Objective: The purpose of our study was to create a breast cancer risk estimation model based on the descriptors of the National Mammography Database using logistic regression that can aid in decision making for the early detection of breast cancer.
Materials and methods: We created two logistic regression models based on the mammography features and demographic data for 62,219 consecutive mammography records from 48,744 studies in 18,269 [corrected] patients reported using the Breast Imaging Reporting and Data System (BI-RADS) lexicon and the National Mammography Database format between April 5, 1999 and February 9, 2004. State cancer registry outcomes matched with our data served as the reference standard. The probability of cancer was the outcome in both models. Model 2 was built using all variables in Model 1 plus radiologists' BI-RADS assessment categories. We used 10-fold cross-validation to train and test the model and to calculate the area under the receiver operating characteristic curves (A(z)) to measure the performance. Both models were compared with the radiologists' BI-RADS assessments.

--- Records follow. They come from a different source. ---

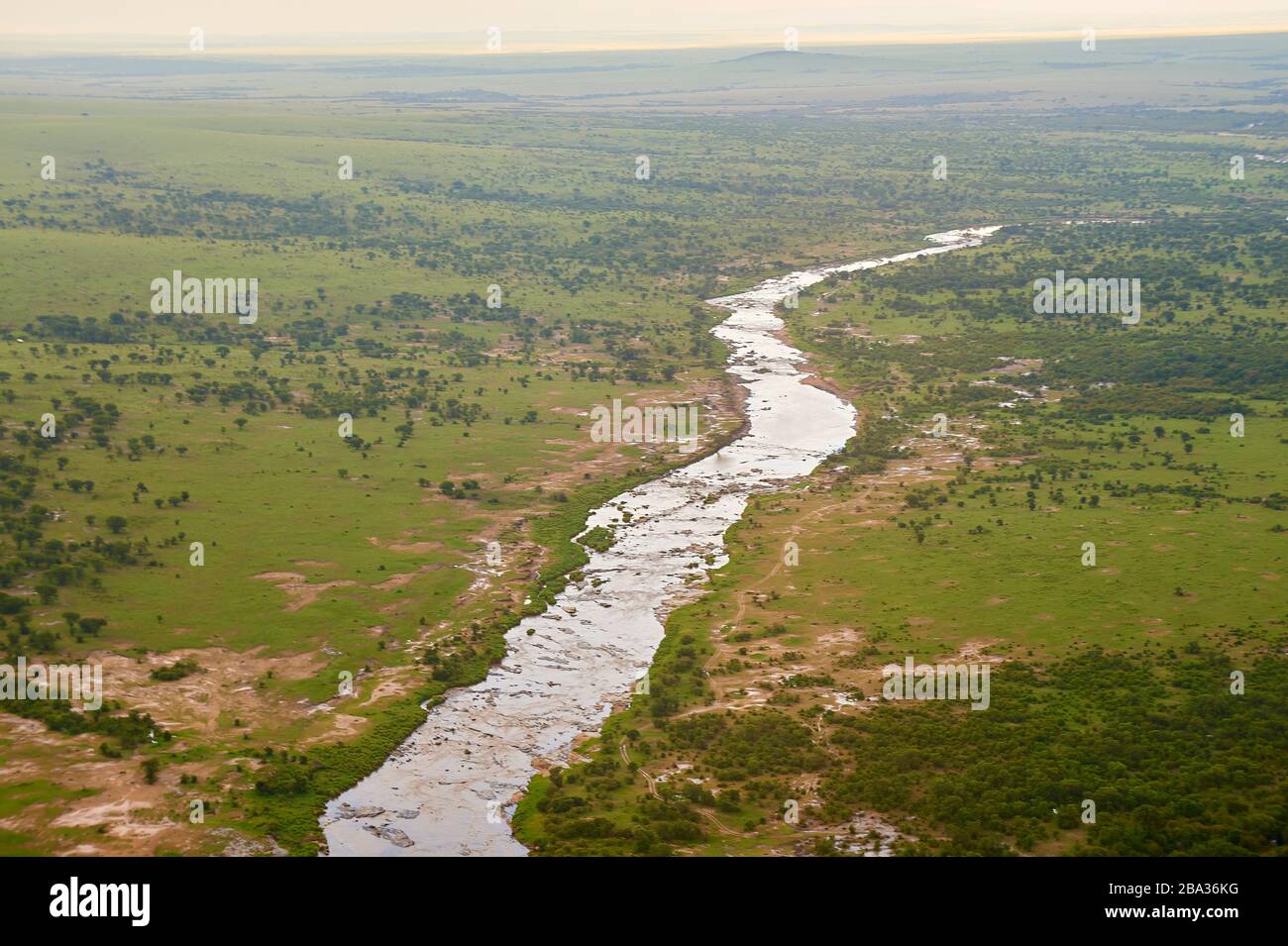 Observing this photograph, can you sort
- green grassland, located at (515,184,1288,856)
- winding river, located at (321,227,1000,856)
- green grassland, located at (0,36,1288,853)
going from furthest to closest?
green grassland, located at (0,36,1288,853)
winding river, located at (321,227,1000,856)
green grassland, located at (515,184,1288,856)

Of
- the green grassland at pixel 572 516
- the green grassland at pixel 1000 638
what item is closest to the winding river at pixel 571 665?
the green grassland at pixel 572 516

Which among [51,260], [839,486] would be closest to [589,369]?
[839,486]

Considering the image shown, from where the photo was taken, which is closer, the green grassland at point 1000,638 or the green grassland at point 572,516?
the green grassland at point 1000,638

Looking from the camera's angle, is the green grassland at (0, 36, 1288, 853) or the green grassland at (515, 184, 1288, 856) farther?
the green grassland at (0, 36, 1288, 853)

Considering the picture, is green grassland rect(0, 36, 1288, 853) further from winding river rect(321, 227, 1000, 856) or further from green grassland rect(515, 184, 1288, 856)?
winding river rect(321, 227, 1000, 856)

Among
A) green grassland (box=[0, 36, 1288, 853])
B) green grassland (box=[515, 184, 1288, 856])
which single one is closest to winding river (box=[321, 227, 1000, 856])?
green grassland (box=[0, 36, 1288, 853])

Results: Radiologists achieved an A(z) value of 0.939 +/- 0.011. The A(z) was 0.927 +/- 0.015 for Model 1 and 0.963 +/- 0.009 for Model 2. At 90% specificity, the sensitivity of Model 2 (90%) was significantly better (p < 0.001) than that of radiologists (82%) and Model 1 (83%). At 85% sensitivity, the specificity of Model 2 (96%) was significantly better (p < 0.001) than that of radiologists (88%) and Model 1 (87%).
Conclusion: Our logistic regression model can effectively discriminate between benign and malignant breast disease and can identify the most important features associated with breast cancer.